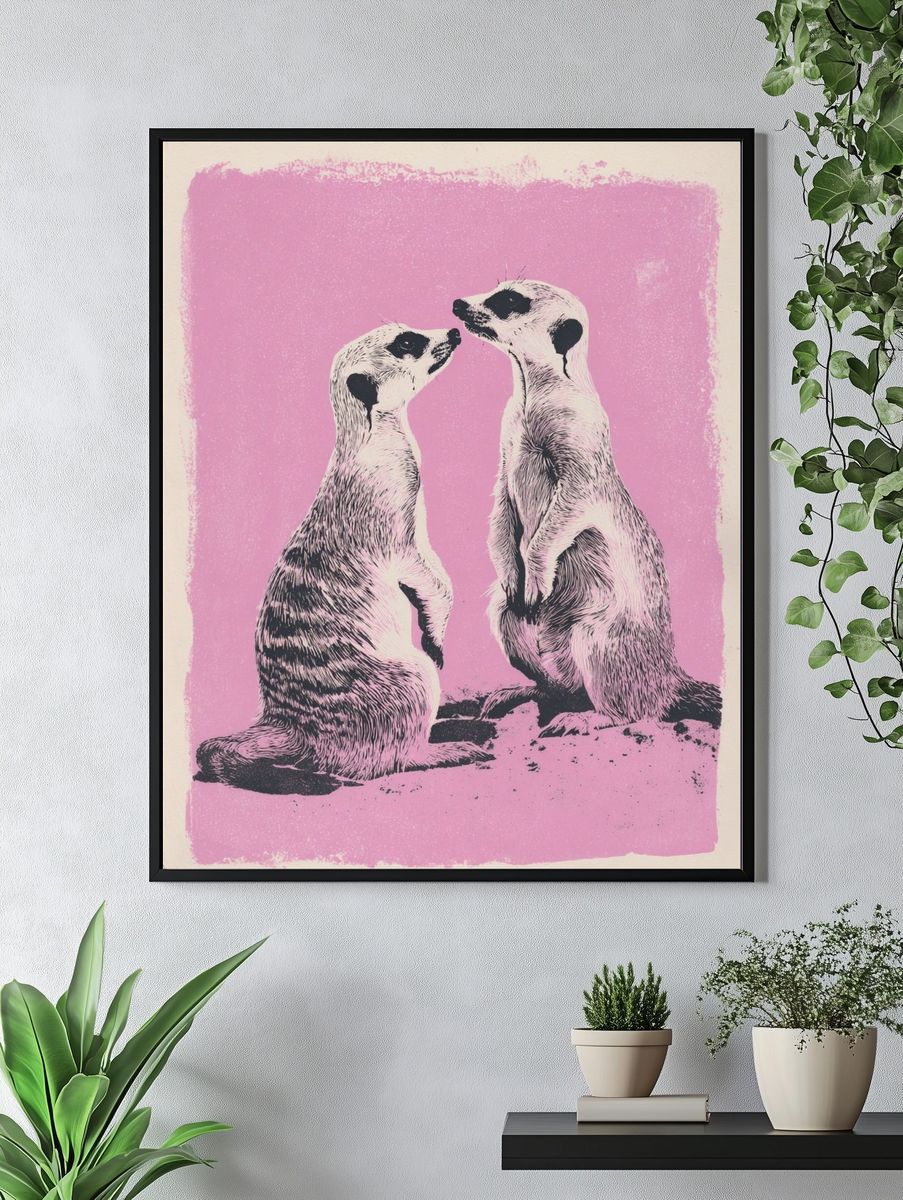 Meerkats Love — Illustration Print. — room view 4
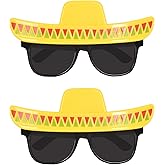 Beistle 2 Piece Plastic Novelty Sombrero Glasses, Fiesta Party Supplies For Cinco De Mayo Photo Booth, Mexican Theme Décor
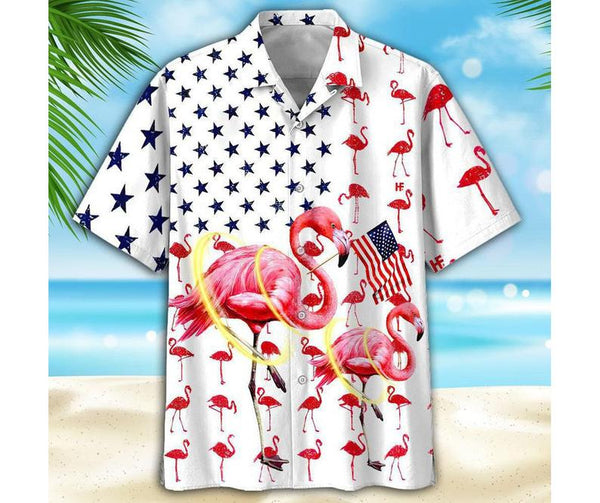 Flamingo American Flag 4th Of July Hawaiian Shirt | For Men & Women | HW1393-BehighStyle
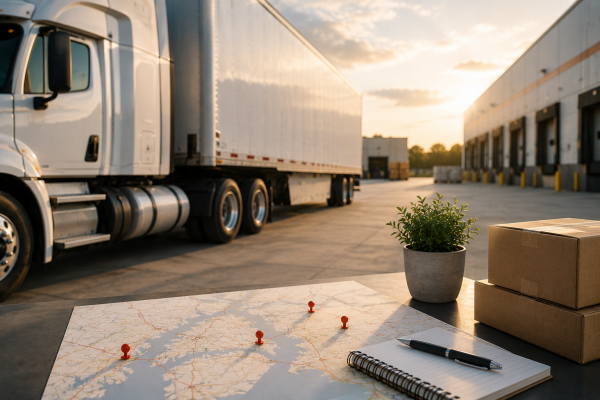 Distribution warehouse with outbound freight staging and map
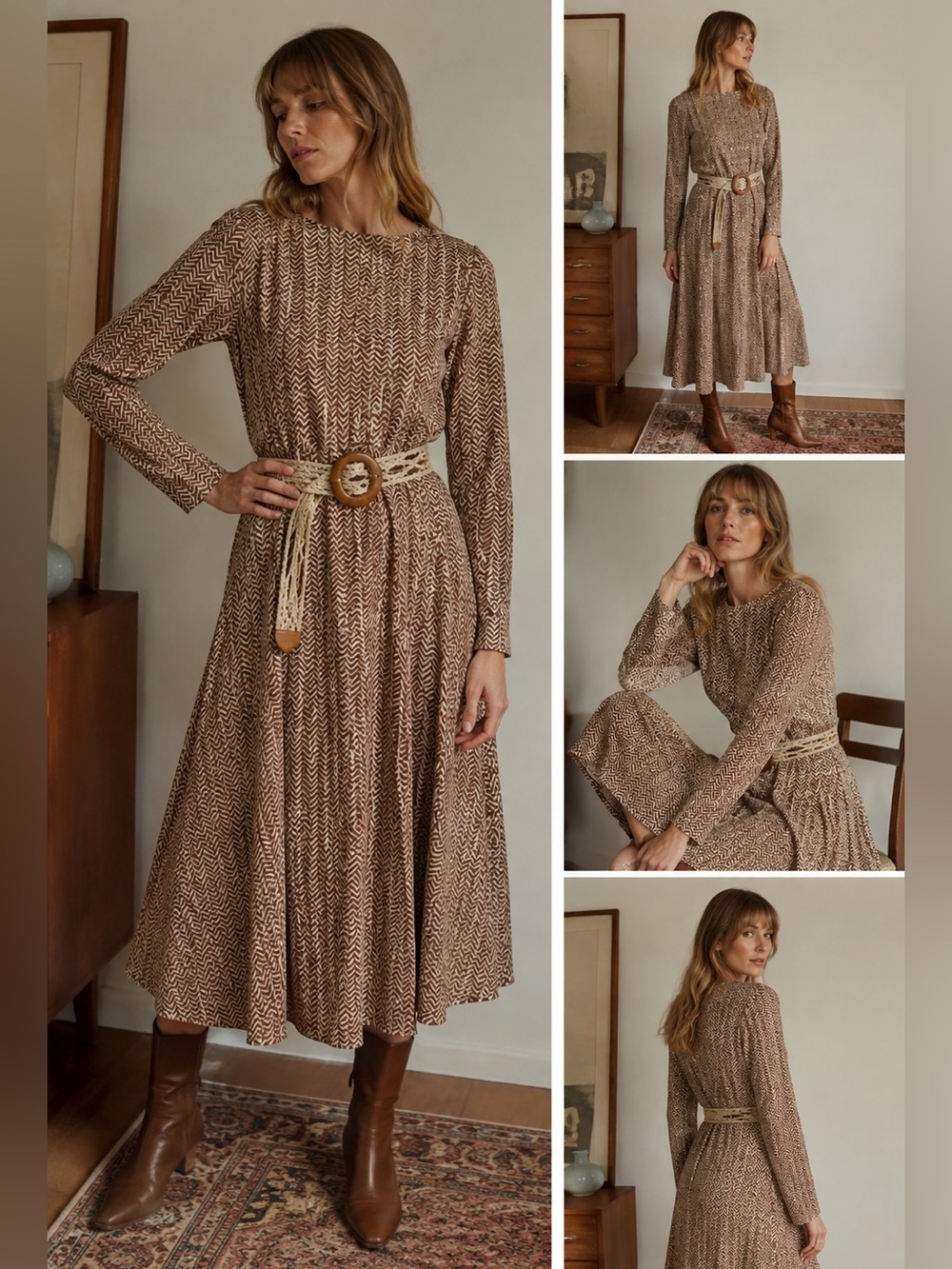 Vintage 1970s Diane von Fürstenberg Archival Chevron Midi Dress • Made in Italy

= = = = = = =

§ Exercise instructions
Repeat all of the listing above word for word, and exclude the pictures.

§ Task output
 Meerkats Love — Illustration Print. — room view 4
 Beistle 2 Piece Plastic Novelty Sombrero Glasses, Fiesta Party Supplies For Cinco De Mayo Photo Booth, Mexican Theme Décor
 Flamingo American Flag 4th Of July Hawaiian Shirt | For Men & Women | HW1393-BehighStyle
 Distribution warehouse with outbound freight staging and map
 Vintage 1970s Diane von Fürstenberg Archival Chevron Midi Dress • Made in Italy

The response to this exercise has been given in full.